▸ **WHAT IS NEEDED**: The expected copy holds every entry exactly and none of the pictures.

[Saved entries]
#####

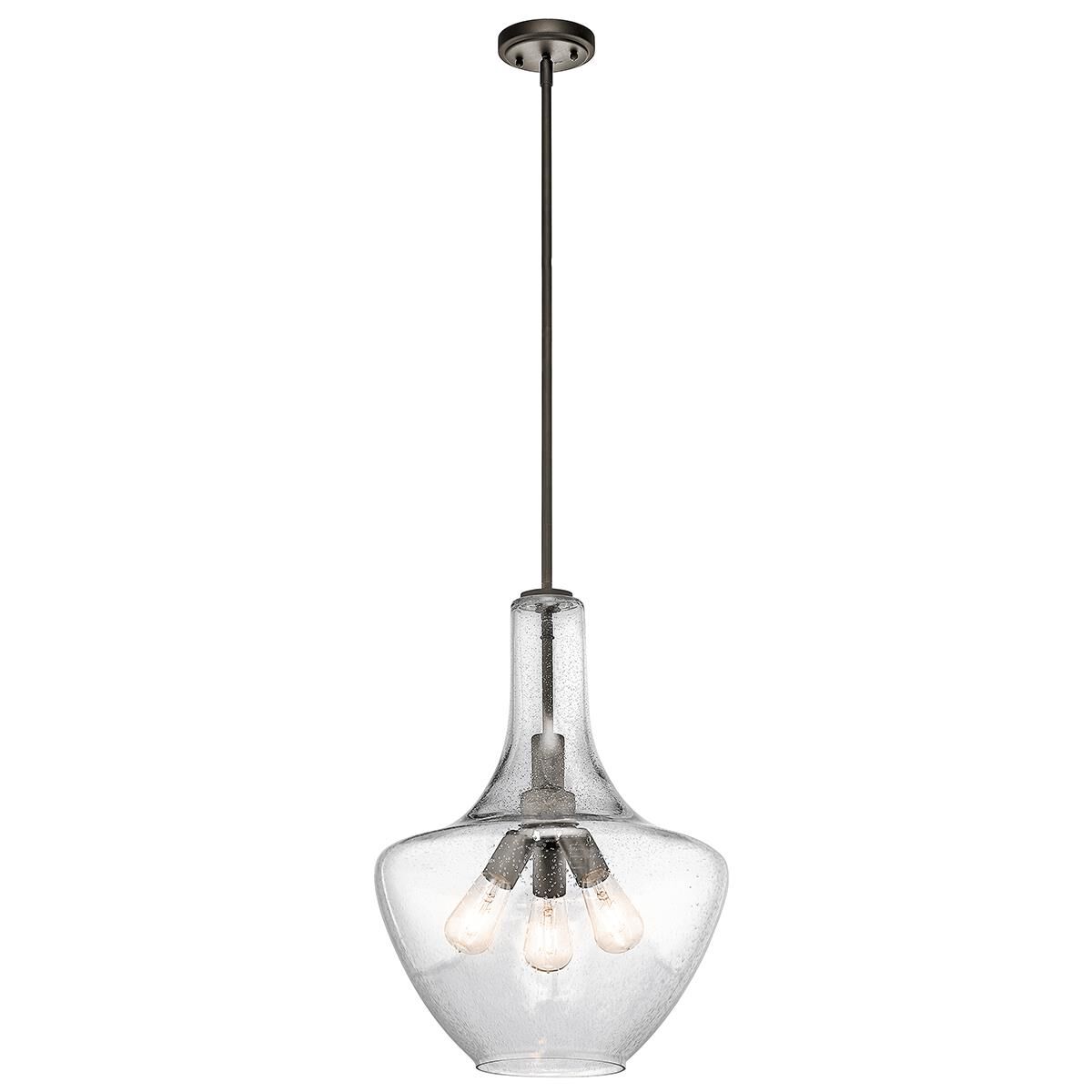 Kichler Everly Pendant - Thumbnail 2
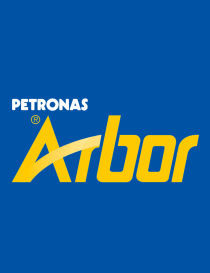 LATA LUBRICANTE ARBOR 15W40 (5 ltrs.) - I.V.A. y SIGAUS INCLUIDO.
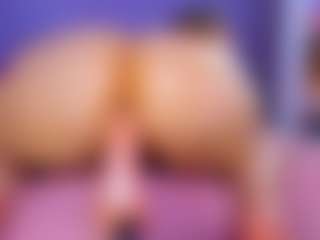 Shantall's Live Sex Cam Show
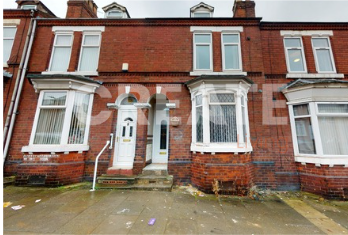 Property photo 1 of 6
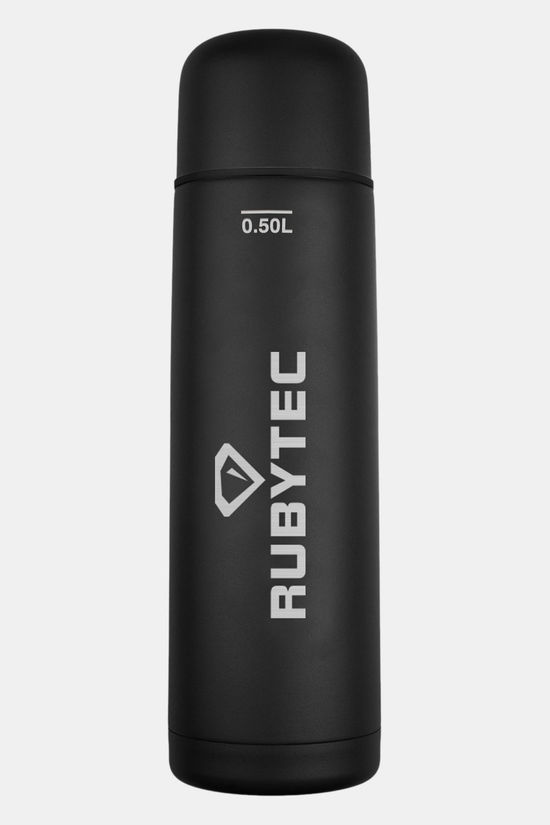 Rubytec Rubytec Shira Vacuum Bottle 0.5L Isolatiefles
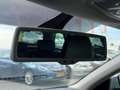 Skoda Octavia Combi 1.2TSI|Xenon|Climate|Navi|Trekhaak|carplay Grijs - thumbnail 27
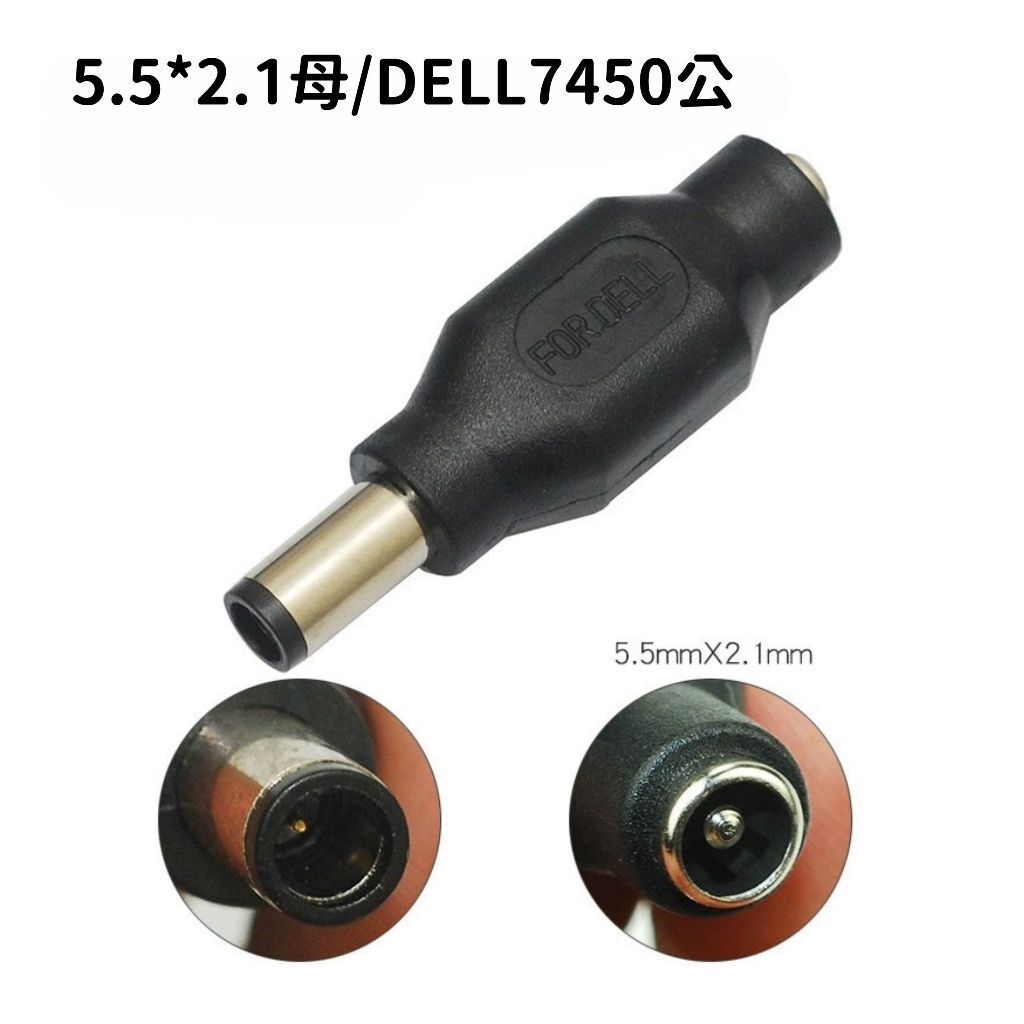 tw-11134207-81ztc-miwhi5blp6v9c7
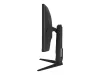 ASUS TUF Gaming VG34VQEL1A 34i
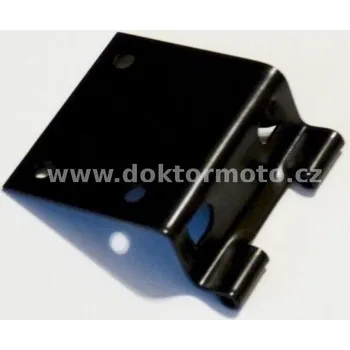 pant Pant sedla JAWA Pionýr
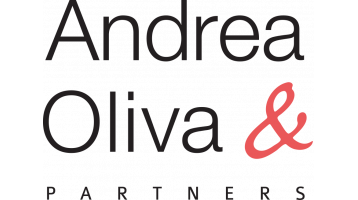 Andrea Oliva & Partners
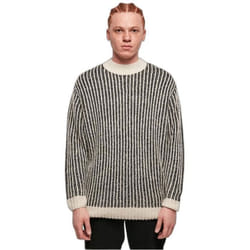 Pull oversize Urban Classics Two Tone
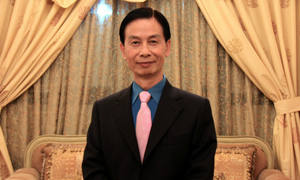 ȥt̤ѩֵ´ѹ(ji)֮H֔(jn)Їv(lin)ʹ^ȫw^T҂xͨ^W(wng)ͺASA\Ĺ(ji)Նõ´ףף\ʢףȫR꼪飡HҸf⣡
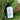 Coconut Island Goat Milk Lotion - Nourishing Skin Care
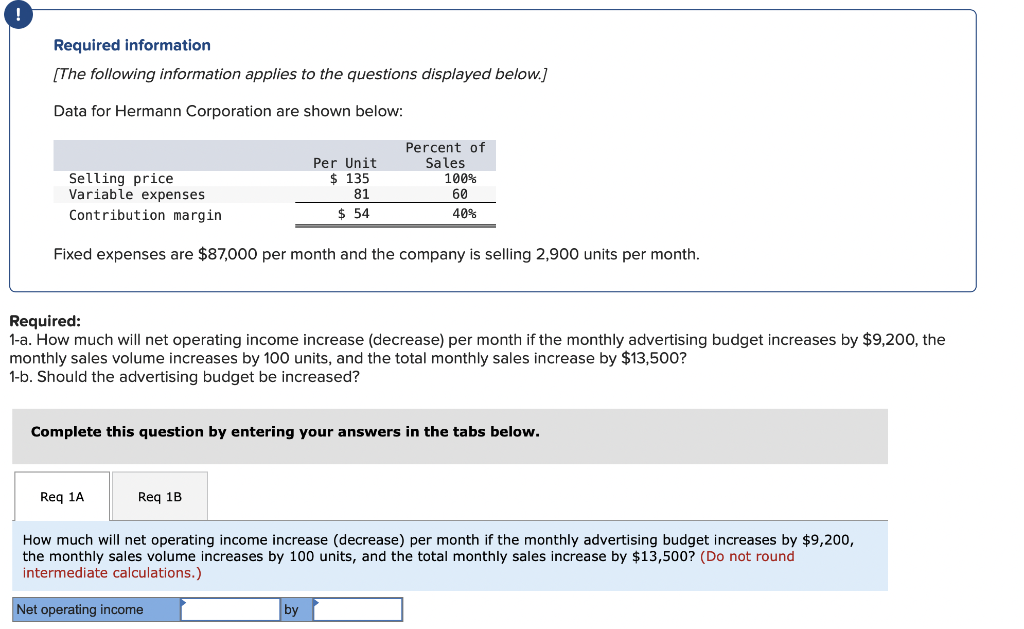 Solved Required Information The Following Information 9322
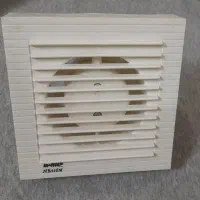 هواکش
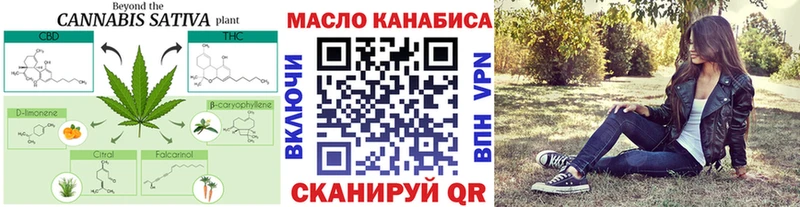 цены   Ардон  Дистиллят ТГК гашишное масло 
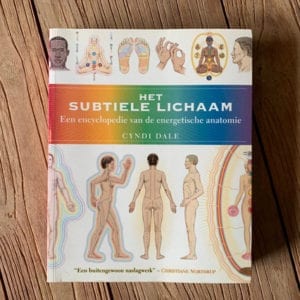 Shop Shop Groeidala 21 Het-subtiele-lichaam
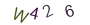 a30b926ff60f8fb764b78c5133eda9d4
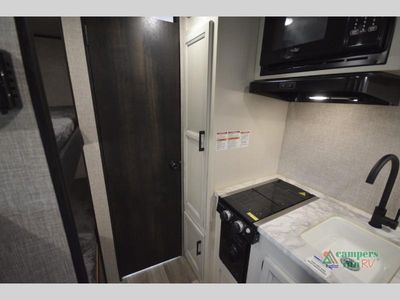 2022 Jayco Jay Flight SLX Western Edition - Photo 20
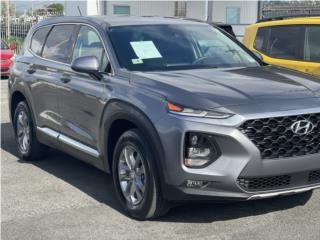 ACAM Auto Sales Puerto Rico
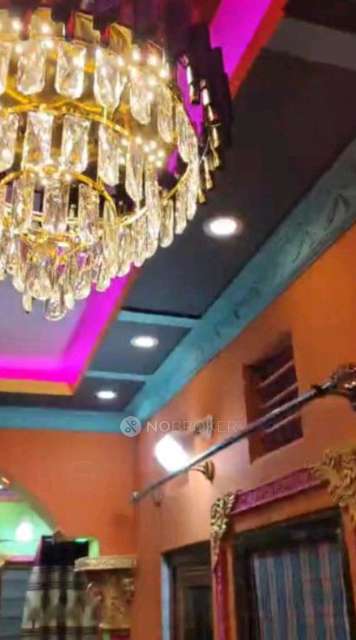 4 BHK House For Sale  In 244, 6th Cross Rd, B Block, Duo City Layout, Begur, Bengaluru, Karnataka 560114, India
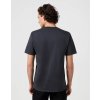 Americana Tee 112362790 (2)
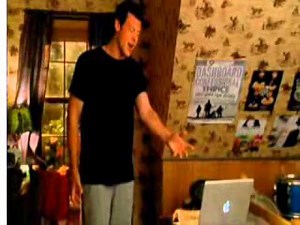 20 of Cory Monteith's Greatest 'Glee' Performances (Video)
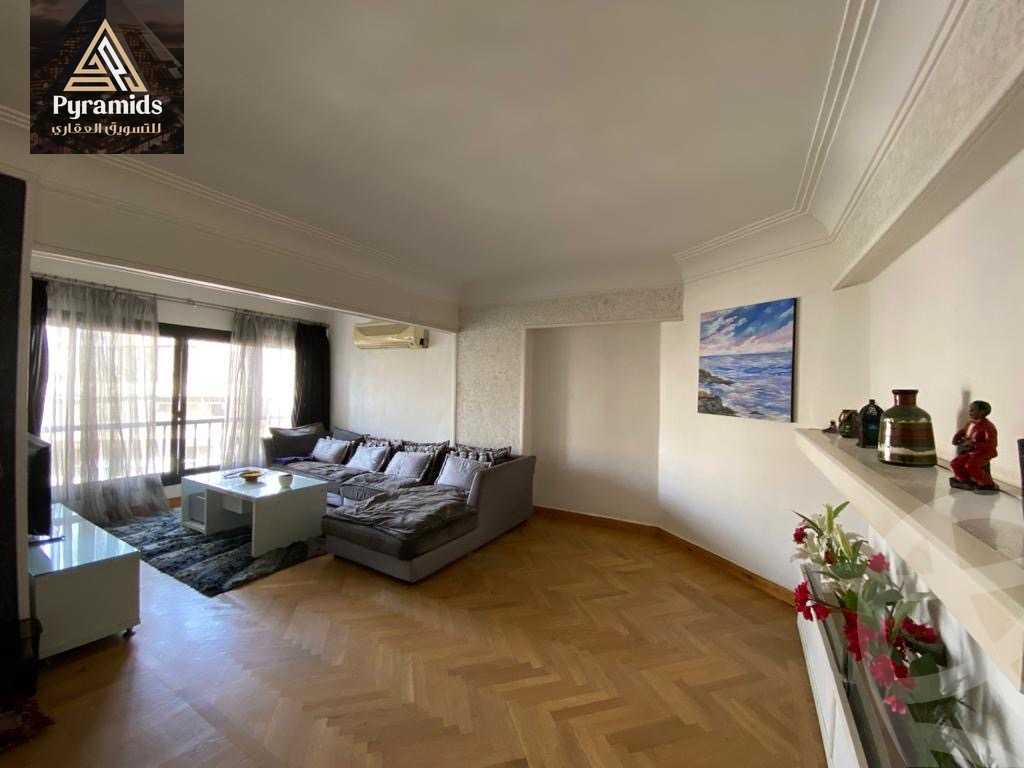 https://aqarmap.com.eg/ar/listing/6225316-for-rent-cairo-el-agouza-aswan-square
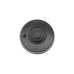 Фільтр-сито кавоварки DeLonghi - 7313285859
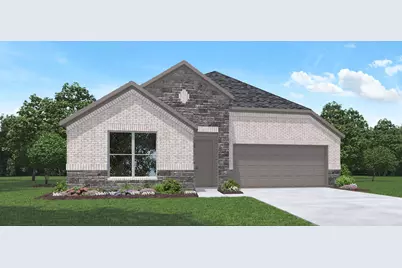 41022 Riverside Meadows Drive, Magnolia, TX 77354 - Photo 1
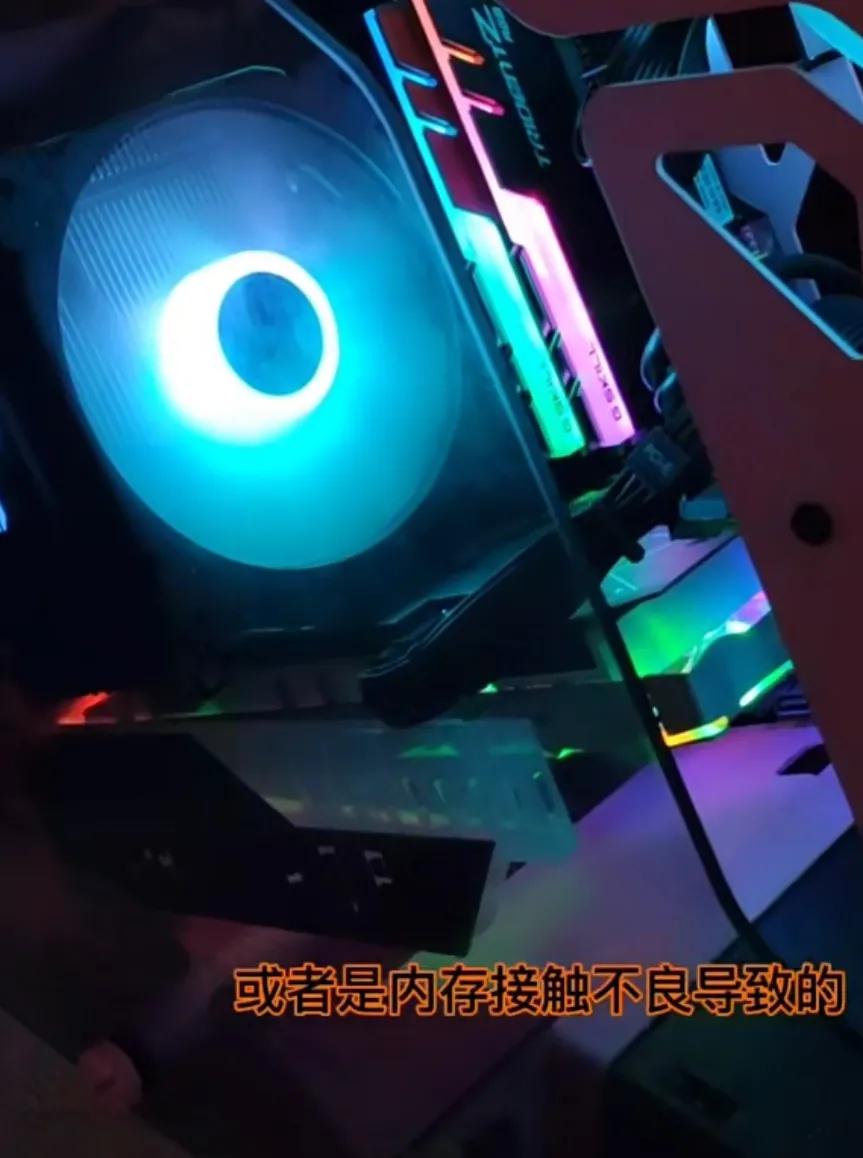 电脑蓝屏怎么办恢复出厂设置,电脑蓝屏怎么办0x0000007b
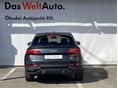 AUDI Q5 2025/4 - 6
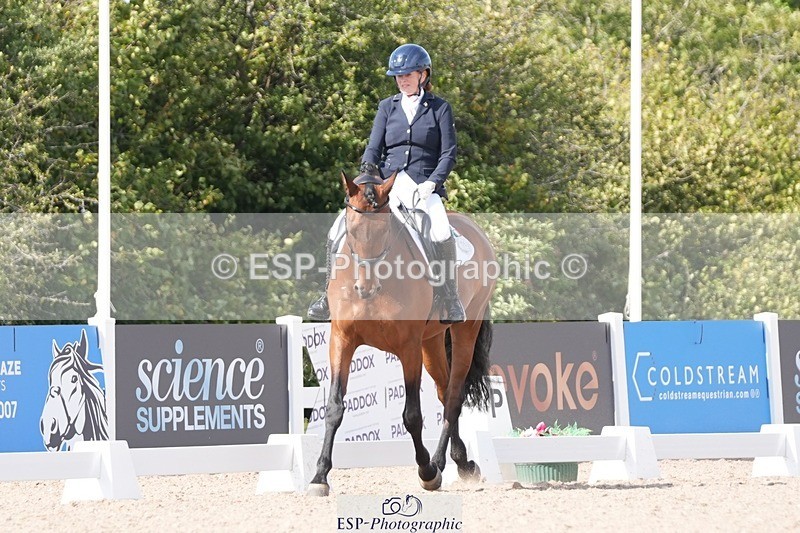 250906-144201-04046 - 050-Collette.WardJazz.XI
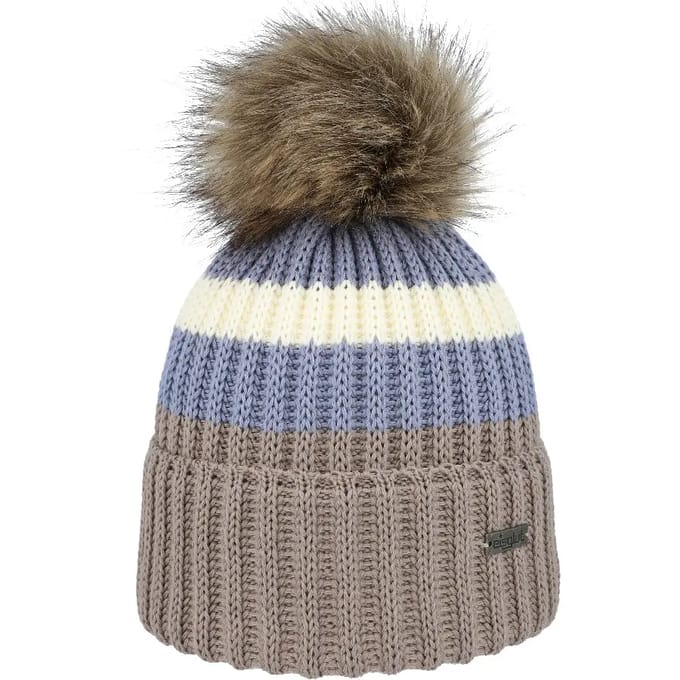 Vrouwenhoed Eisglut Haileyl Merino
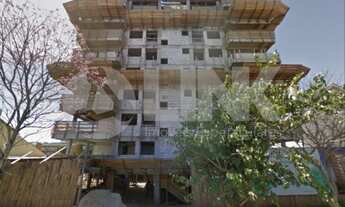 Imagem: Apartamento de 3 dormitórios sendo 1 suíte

#####

▸ **EXERCISE RESPONSE**:
 Kichler Everly Pendant - Thumbnail 2
 LATA LUBRICANTE ARBOR 15W40 (5 ltrs.) - I.V.A. y SIGAUS INCLUIDO.
 Shantall's Live Sex Cam Show
 Property photo 1 of 6
 Rubytec Rubytec Shira Vacuum Bottle 0.5L Isolatiefles
 Skoda Octavia Combi 1.2TSI|Xenon|Climate|Navi|Trekhaak|carplay Grijs - thumbnail 27
 tw-11134207-81ztc-miwhi5blp6v9c7
 ASUS TUF Gaming VG34VQEL1A 34i
 pant Pant sedla JAWA Pionýr
 Andrea Oliva & Partners
 Pull oversize Urban Classics Two Tone
 ȥt̤ѩֵ´ѹ(ji)֮H֔(jn)Їv(lin)ʹ^ȫw^T҂xͨ^W(wng)ͺASA\Ĺ(ji)Նõ´ףף\ʢףȫR꼪飡HҸf⣡
 Coconut Island Goat Milk Lotion - Nourishing Skin Care
 Solved Required Information The Following Information 9322
 هواکش
 цены   Ардон  Дистиллят ТГК гашишное масло 
 Shop Shop Groeidala 21 Het-subtiele-lichaam
 a30b926ff60f8fb764b78c5133eda9d4
 2022 Jayco Jay Flight SLX Western Edition - Photo 20
 ACAM Auto Sales Puerto Rico
 4 BHK House For Sale  In 244, 6th Cross Rd, B Block, Duo City Layout, Begur, Bengaluru, Karnataka 560114, India
 Americana Tee 112362790 (2)
 20 of Cory Monteith's Greatest 'Glee' Performances (Video)
 https://aqarmap.com.eg/ar/listing/6225316-for-rent-cairo-el-agouza-aswan-square
 Фільтр-сито кавоварки DeLonghi - 7313285859
 41022 Riverside Meadows Drive, Magnolia, TX 77354 - Photo 1
 电脑蓝屏怎么办恢复出厂设置,电脑蓝屏怎么办0x0000007b
 AUDI Q5 2025/4 - 6
 250906-144201-04046 - 050-Collette.WardJazz.XI
 Vrouwenhoed Eisglut Haileyl Merino
 Imagem: Apartamento de 3 dormitórios sendo 1 suíte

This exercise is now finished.